Today, the caravan is scheduled to canvass the high schools, with special stops scheduled for Dunbar, McKinley and Roosevelt High Schools.
Sunday has been designated "voter registration Sunday," said Pruitt, with a rally planned to follow services at the Metropolitan AME Church at 1518 M St. NW. Under the direction of Willie Lloyd Reeves, commissioner of Advisory Neighborhood Commission 2-D, citywide ANC's will register voters at shopping centers and ANC offices.
Neighborhood groups have planned special activities.
Ward 8 council member Wilhemina Rolark, who ran upopposed in the primary, will be sponsoring a 24-hour "Registron" for her constiuents on Thursday at 3119 Martin Luther King Jr. Ave. SE.
Bob King, director of social planning for the 14th St. Project Area Comittee at 2901 14th St. NW, yesterday began dotting 14th Street with registration tables staffed by volunteers.
King said that registration workers will have many misconceptions to overcome.
For examle, he said, "When we did this eight months ago, people didn't know they could transfer their registration on the spot. Many of the poor folks felt (registering) was a long process. They didn't know it took only a couple of minutes."
In the sidewalk interviews, some voters said they didn't know how to find out about the candidates, or what they're voting for.
One 20-year-old man from Ward 8 said he'd voted once, for Jimmy Carter, when he was 16 years old. "Somebody signed me up, so I voted," he said. "I didn't know anything about him then, and I don't know anything about him now. How would I find out?," he asked.He said he had never head of campign headquarters, and though he red newspapers, had never seen a profile of a candidate.
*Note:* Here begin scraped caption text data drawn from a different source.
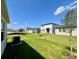 Spacious backyard showcasing lush green grass and some young trees under a clear blue sky at 2739 San Marco Way, Winter Haven, FL 33884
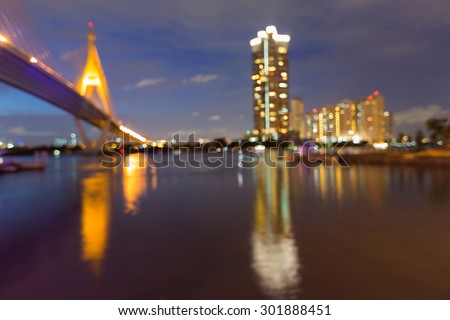 Abstract blurred bokeh light of bridge and residence building  with water reflection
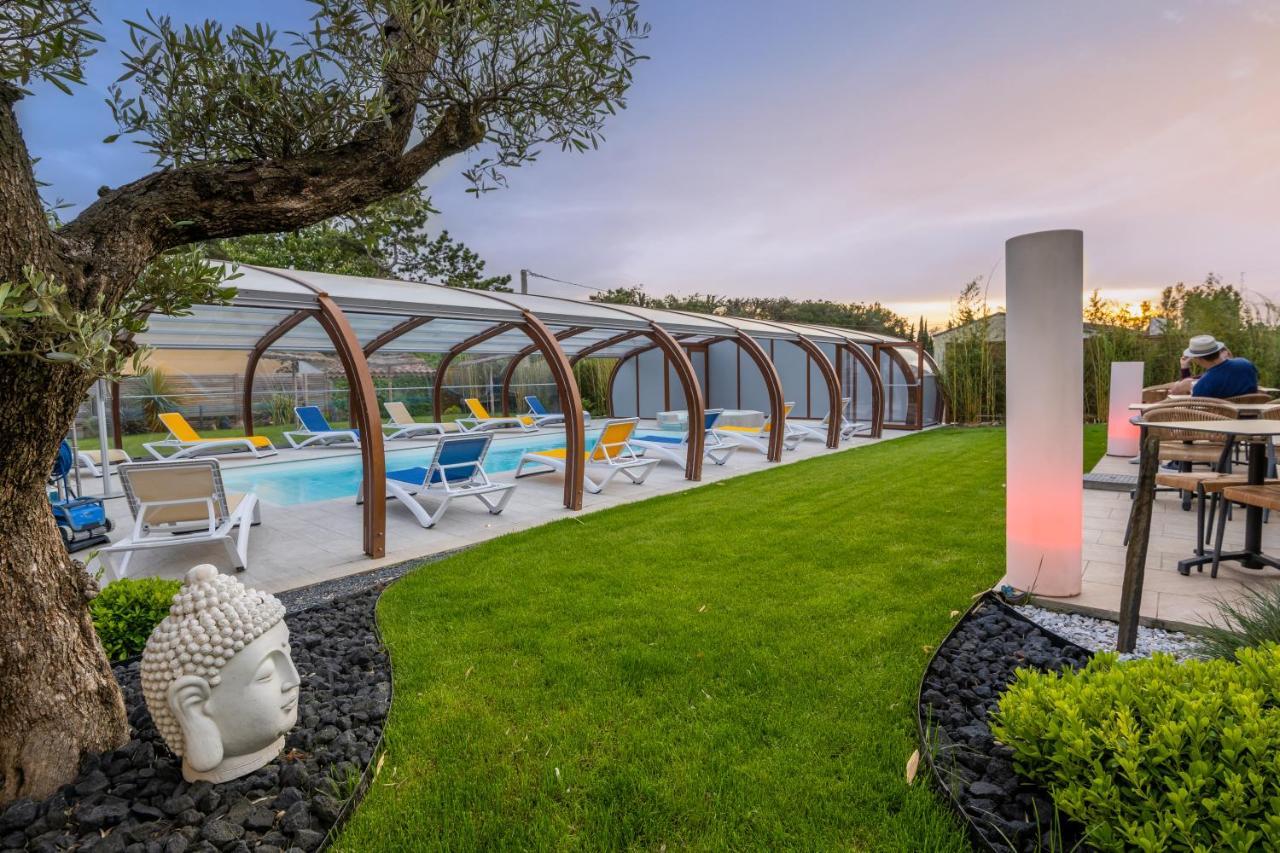 Logis Hotel Restaurant Le Clos Fleuri Кастельнодарі Екстер'єр фото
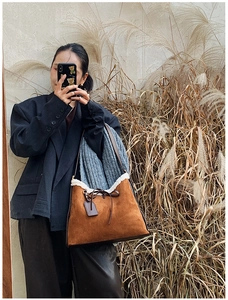Dettaglio della borsa tote in pelle scamosciata con bordo in shearling sintetico e fiocco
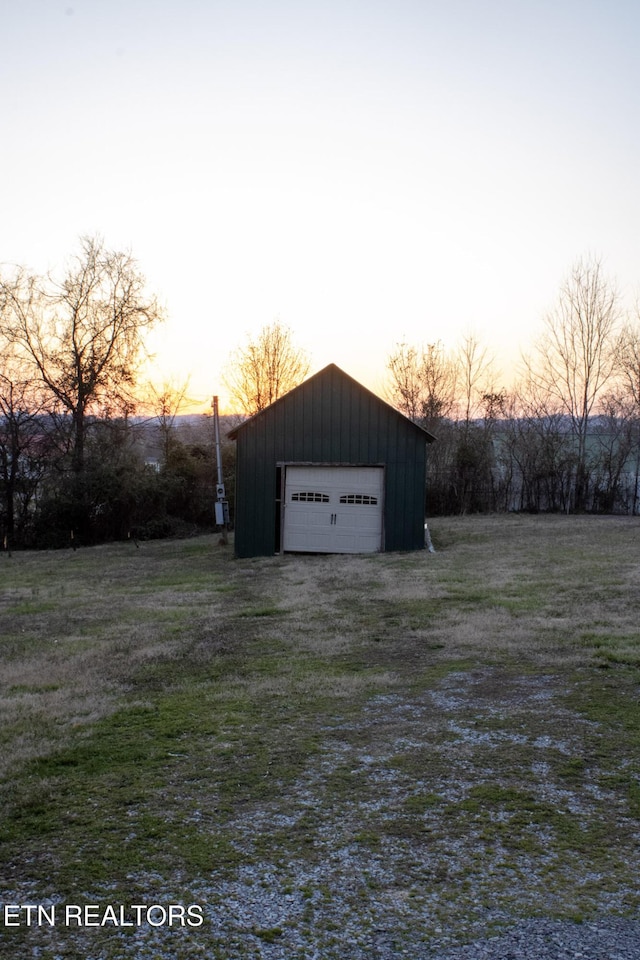 yard at dusk with an outbuilding and a detached garage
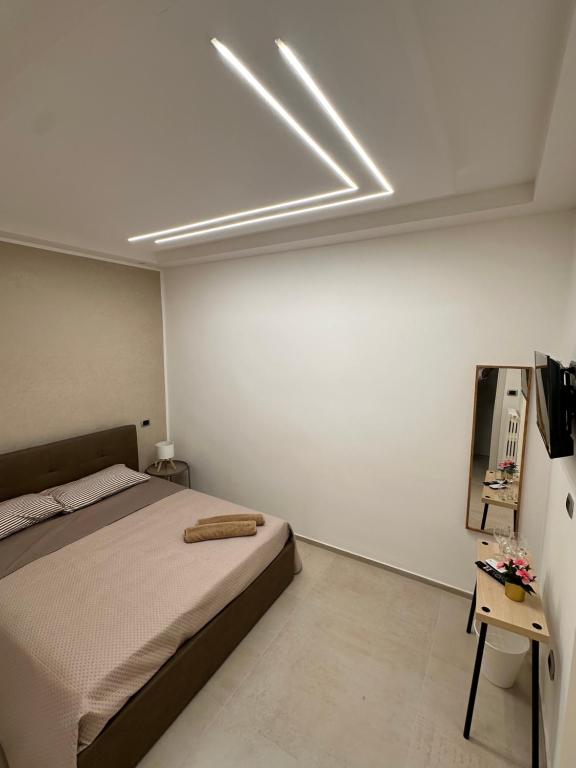 Postel nebo postele na pokoji v ubytování Dalyrooms suite
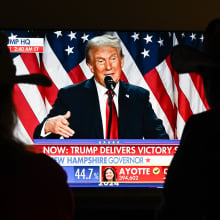 A couple watch President Donald Trump's victory speech from a TV screen.
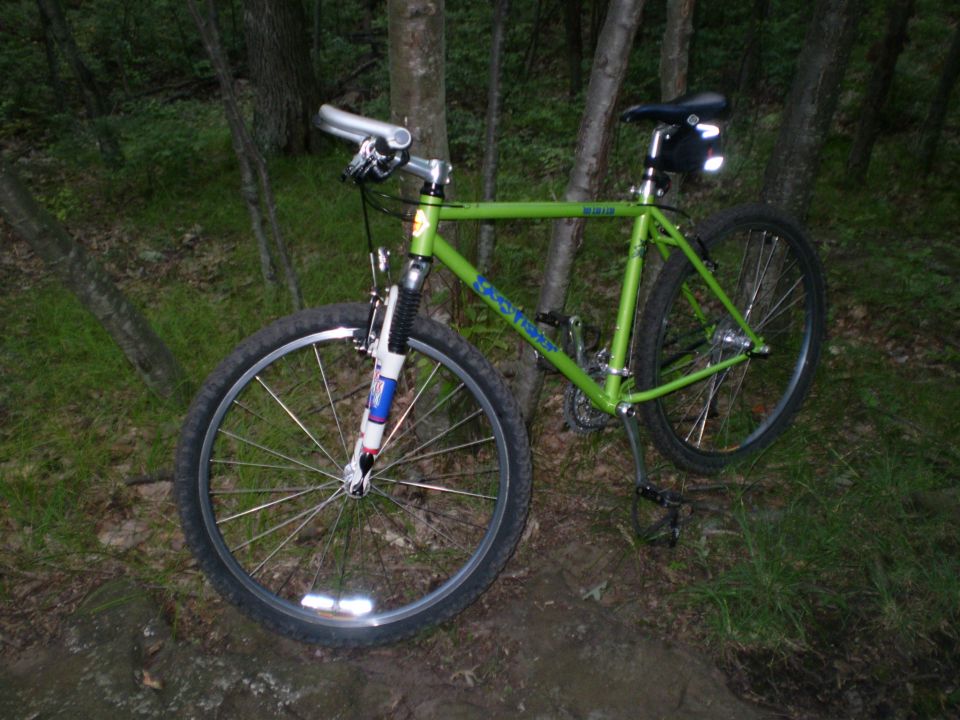 Green mountain bike parked on a trail, front view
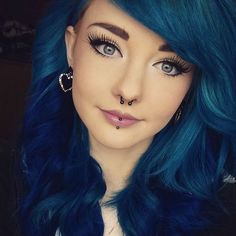 a woman with blue hair and piercings on her nose is posing for the camera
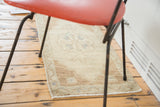 Ornate medallion, sand field, blue-green accents, and visible fringe on vintage Oushak rug mat.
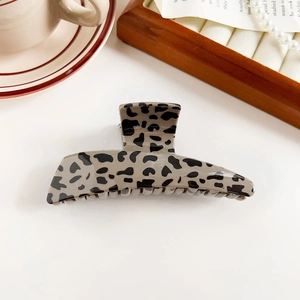 Macro shot of leopard print shark hair clip with retro bow design on white surface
Some non-voters like Gloria Thomas gave religious reasons.
"I'm a Jehovah's Witness," said the 41-year-old Adams-Morgan resident, "and we don't have anything to do with politics at all. We don't salute the flag or vote. We don't believe that any one individual can handle the world's problems."
Fauntroy estimated that about 50,000 D.C. residents prefer to retain voting privileges elsewhere, ostensibly because other states grant them a full say in the election of members of Congress. Ward 1 Councilmember David Clark noted, "People vote when there's something to decide."
Some D.C. residents say their feelings of futility prevent them from participating in a system which never seems to provide for them.
Guy Hawkins, who said he was worried about being drafted if he registered, had other reasons for disliking the voting system. They resembled reasons given by others. "I can't get no job or money out of it -- so why should I?" g
Fortunately for the city, the majority of eligibles already are on the rolls, so the goal of the Big Vote effort will be 20,000 new registrants in the next few days. Even that seemingly modest figure "will be a Herculean task for eight days," said Pruitt on Monday.
There are still a number of D.C. voters, such as Cherry Johnson of Adams-Morgan, who always vote, rain or shine. "I heard my parents talking about it," she said. "It gives me a voice in what's going on."